▶ Exercise description
Retype the line where "Караван верблюдов, пустыня Данакиль" appears and each line that follows it down to the last line of the records below. Leave the pictures out.

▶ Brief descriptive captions

- - - -

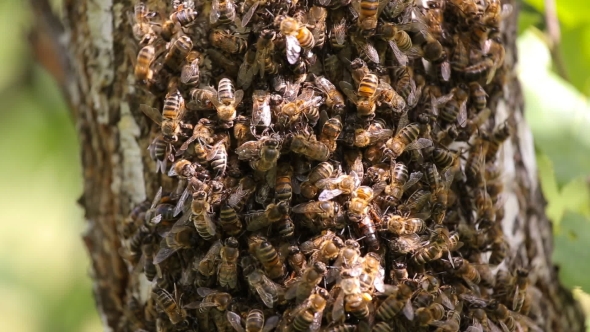 Bees Swarmed In Hive Honeycomb. Messenger Bee Does Waggle Dance To Convey To Others Direction And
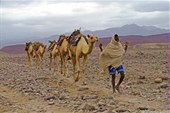 Караван верблюдов, пустыня Данакиль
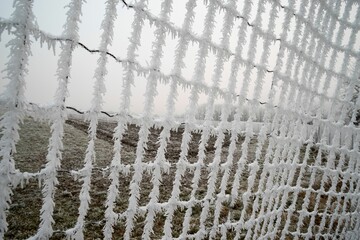 Wall Mural - Close-up of a frosty net with a misty field in the background on a cold winter morning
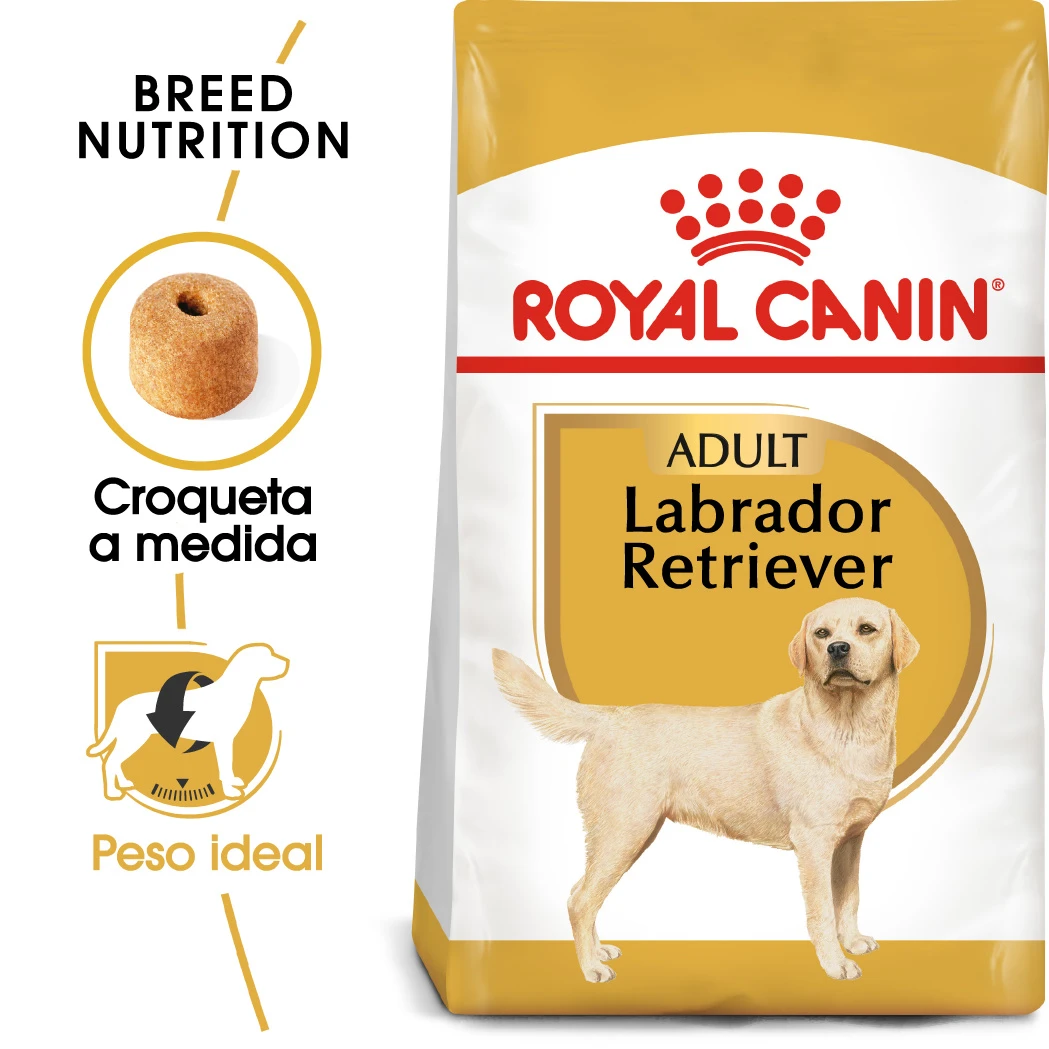 ROYAL CANIN Labrador Retriever Adult Pienso Para Perro Adulto De Raza 2 ROYAL CANIN Labrador Retriever Adult Pienso Para Perro Adulto De Raza - Imagen 2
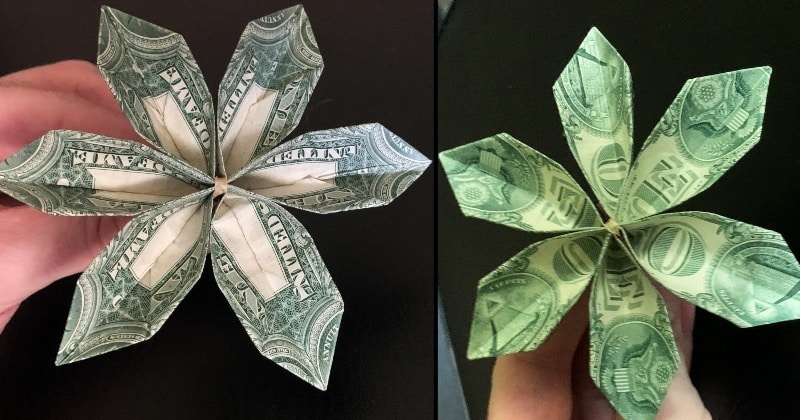dollar bill money origami flower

- - - -

▶ Problem solution
 Караван верблюдов, пустыня Данакиль
 Wall Mural - Close-up of a frosty net with a misty field in the background on a cold winter morning
 ROYAL CANIN Labrador Retriever Adult Pienso Para Perro Adulto De Raza 2 ROYAL CANIN Labrador Retriever Adult Pienso Para Perro Adulto De Raza - Imagen 2
dollar bill money origami flower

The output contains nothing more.